> Entries supplied:
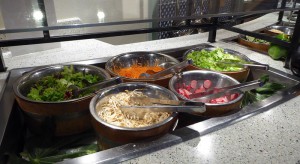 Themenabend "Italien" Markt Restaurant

---

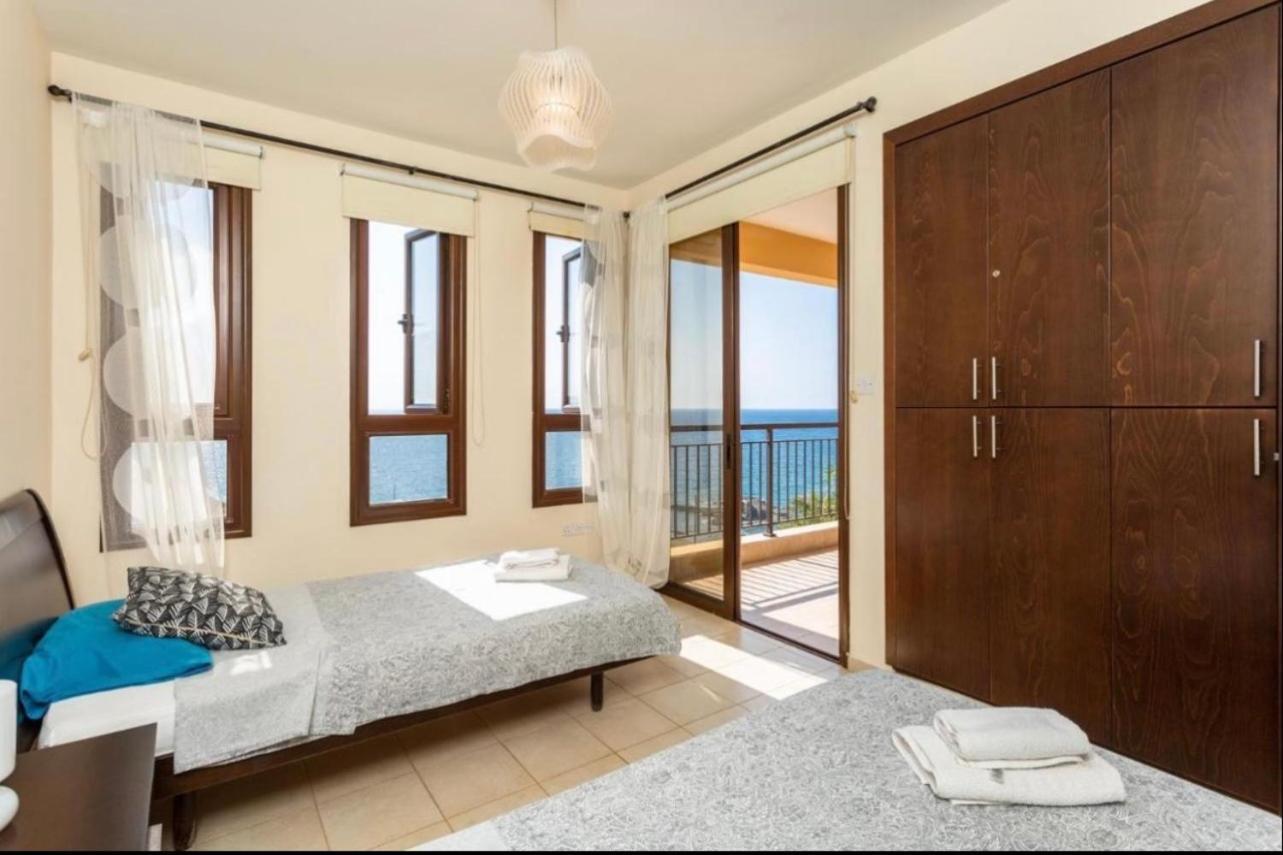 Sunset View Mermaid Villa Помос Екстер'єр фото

==

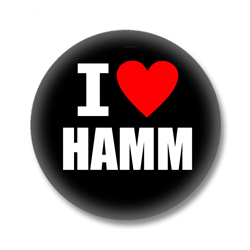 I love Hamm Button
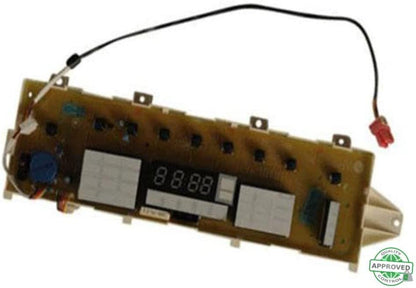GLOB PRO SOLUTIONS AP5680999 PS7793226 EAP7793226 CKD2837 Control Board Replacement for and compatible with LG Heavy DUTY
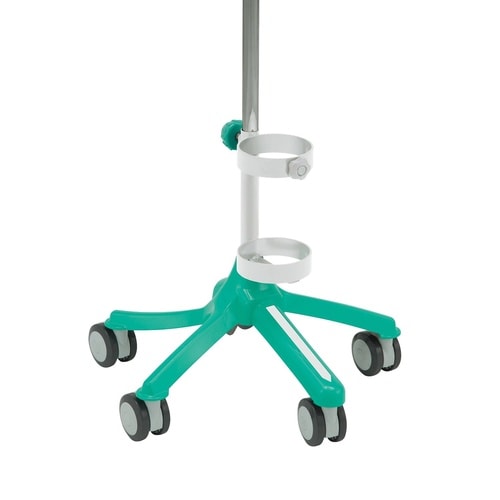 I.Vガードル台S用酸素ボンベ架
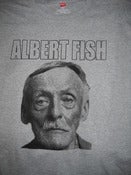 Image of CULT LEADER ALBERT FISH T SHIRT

> Task goal: Reproduce exactly the lines of the data above that run from the line with "I love Hamm Button" down to the line with "Image of CULT LEADER ALBERT FISH T SHIRT", both ends included. Pictures do not belong in the copy.

> Answer to the exercise:
 I love Hamm Button
GLOB PRO SOLUTIONS AP5680999 PS7793226 EAP7793226 CKD2837 Control Board Replacement for and compatible with LG Heavy DUTY
 I.Vガードル台S用酸素ボンベ架
 Image of CULT LEADER ALBERT FISH T SHIRT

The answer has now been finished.